» **EXERCISE REQUIREMENTS**: Once you find the line with "Pure White Linen Pink Coral" in the entries below, print it and each line after it up to and including the line with "kuri manjū 綿100％半袖Tシャツ（背面プリント）", exactly, without pictures.

» **DATA RECORDS**:
━━━

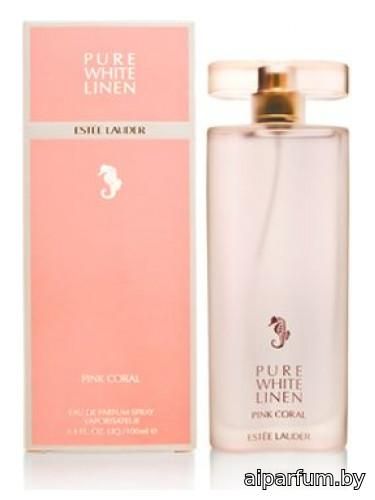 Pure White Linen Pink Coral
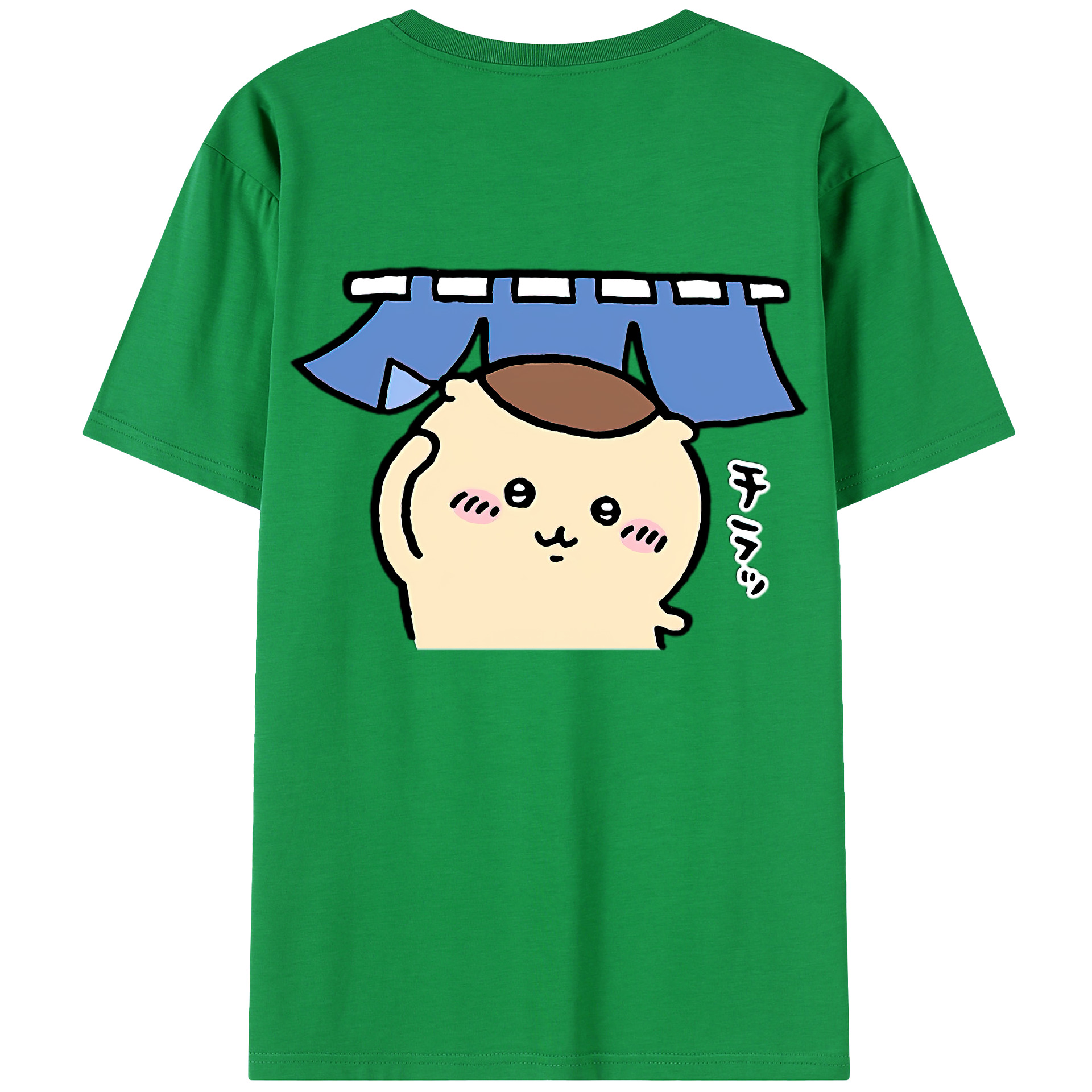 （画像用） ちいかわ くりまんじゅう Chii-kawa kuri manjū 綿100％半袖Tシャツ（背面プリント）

━━━

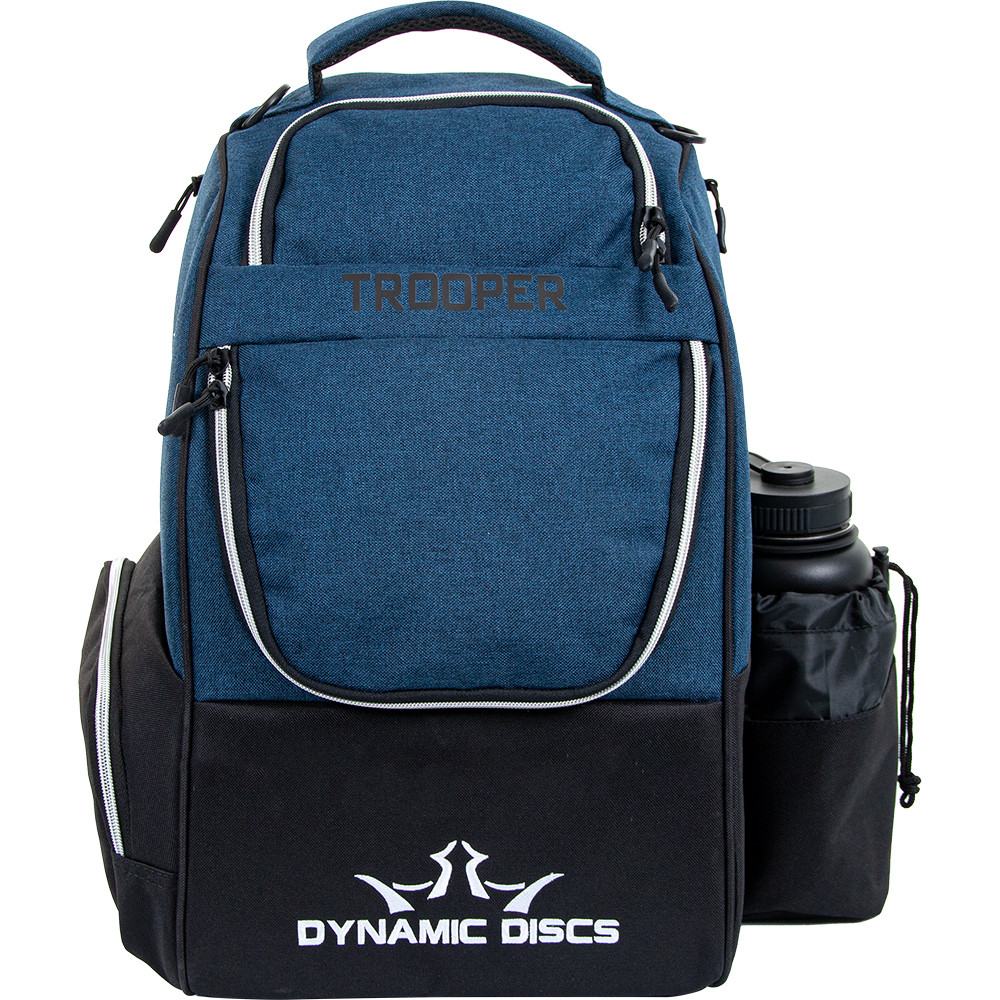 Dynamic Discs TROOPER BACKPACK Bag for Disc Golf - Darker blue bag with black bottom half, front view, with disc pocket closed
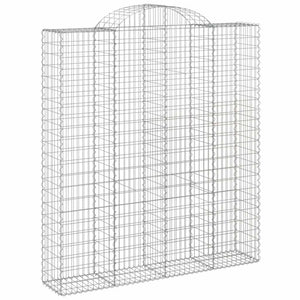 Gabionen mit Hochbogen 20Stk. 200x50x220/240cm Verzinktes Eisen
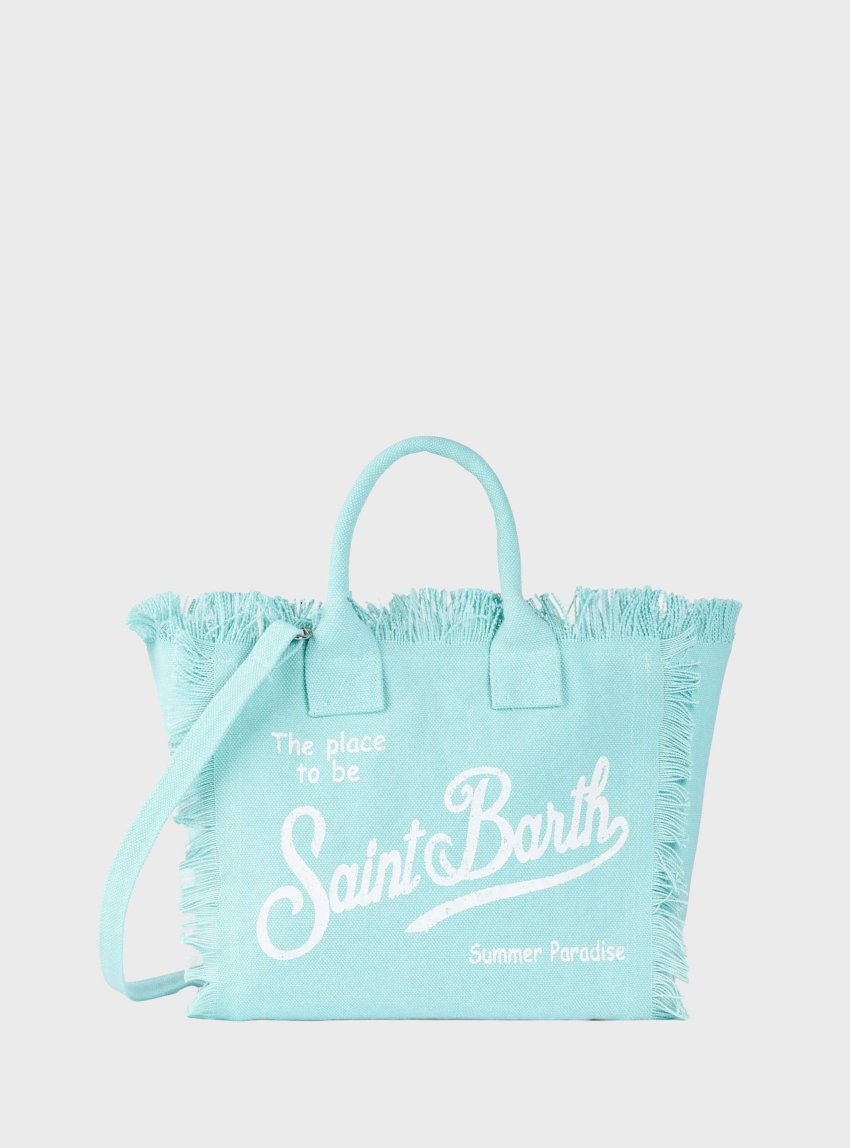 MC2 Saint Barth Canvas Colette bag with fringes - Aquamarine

━━━

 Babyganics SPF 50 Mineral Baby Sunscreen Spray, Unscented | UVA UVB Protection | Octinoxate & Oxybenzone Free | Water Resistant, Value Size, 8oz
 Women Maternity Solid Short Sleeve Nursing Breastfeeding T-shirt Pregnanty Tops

━━━

» **ANSWER TO THIS EXERCISE**:
 Pure White Linen Pink Coral
 （画像用） ちいかわ くりまんじゅう Chii-kawa kuri manjū 綿100％半袖Tシャツ（背面プリント）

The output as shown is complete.